▶ DATA RECORDS
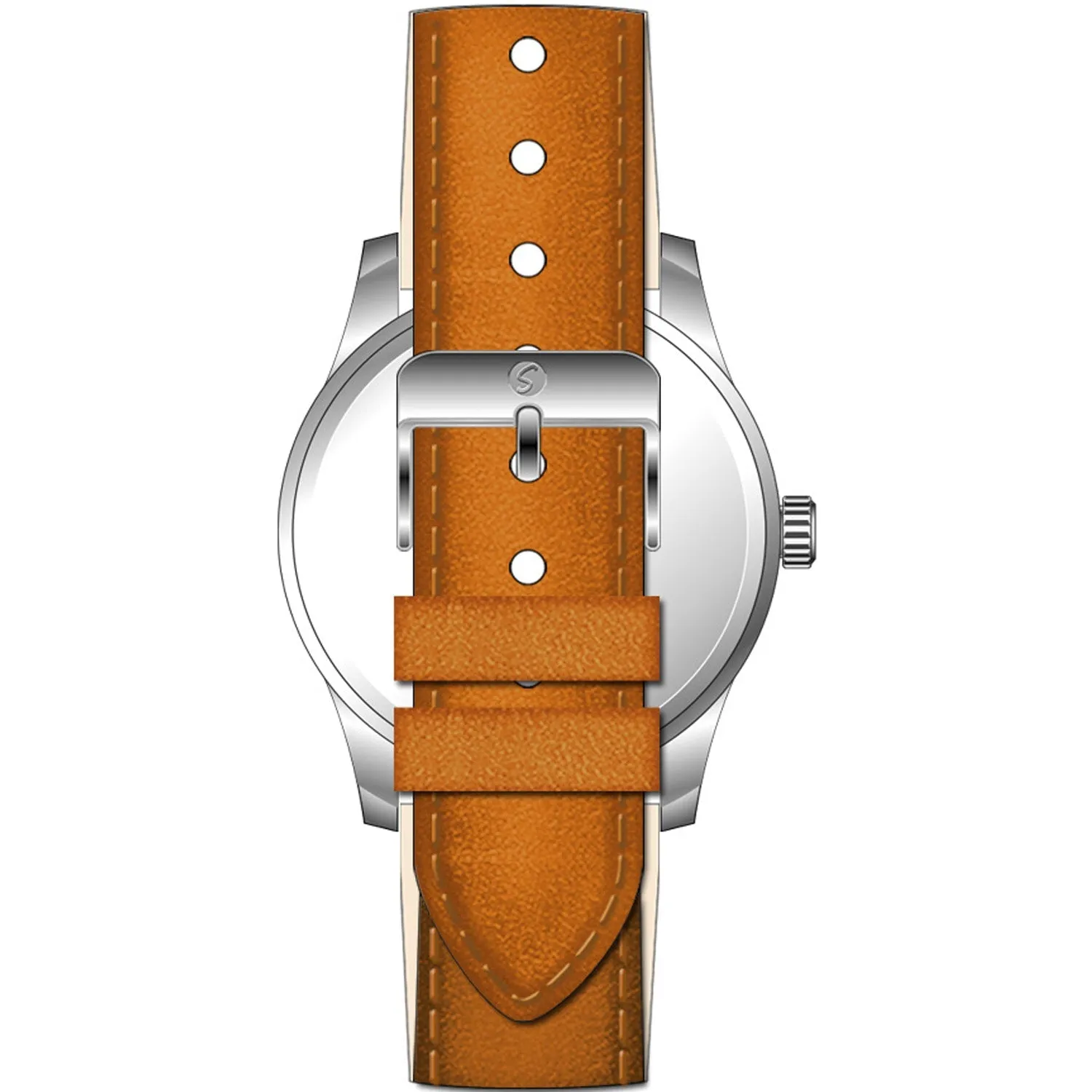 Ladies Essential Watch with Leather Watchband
---
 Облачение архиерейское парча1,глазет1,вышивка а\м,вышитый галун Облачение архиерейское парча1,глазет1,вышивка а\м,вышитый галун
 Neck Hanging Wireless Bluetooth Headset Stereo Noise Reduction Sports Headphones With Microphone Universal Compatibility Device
...
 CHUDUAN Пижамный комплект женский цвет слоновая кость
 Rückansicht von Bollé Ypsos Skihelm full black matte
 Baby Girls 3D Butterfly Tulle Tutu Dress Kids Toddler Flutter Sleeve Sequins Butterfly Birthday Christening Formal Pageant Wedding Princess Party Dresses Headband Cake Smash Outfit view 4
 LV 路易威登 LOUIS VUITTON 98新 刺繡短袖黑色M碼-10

▶ WORK TO BE COMPLETED
The answer is the lines above between the line holding "CHUDUAN Пижамный комплект" and the line holding "LV 路易威登 LOUIS VUITTON 98新 刺繡短袖黑色M碼-10", inclusive, each written out exactly, and no others.

▶ RESPONSE TO THIS EXERCISE
 CHUDUAN Пижамный комплект женский цвет слоновая кость
 Rückansicht von Bollé Ypsos Skihelm full black matte
 Baby Girls 3D Butterfly Tulle Tutu Dress Kids Toddler Flutter Sleeve Sequins Butterfly Birthday Christening Formal Pageant Wedding Princess Party Dresses Headband Cake Smash Outfit view 4
 LV 路易威登 LOUIS VUITTON 98新 刺繡短袖黑色M碼-10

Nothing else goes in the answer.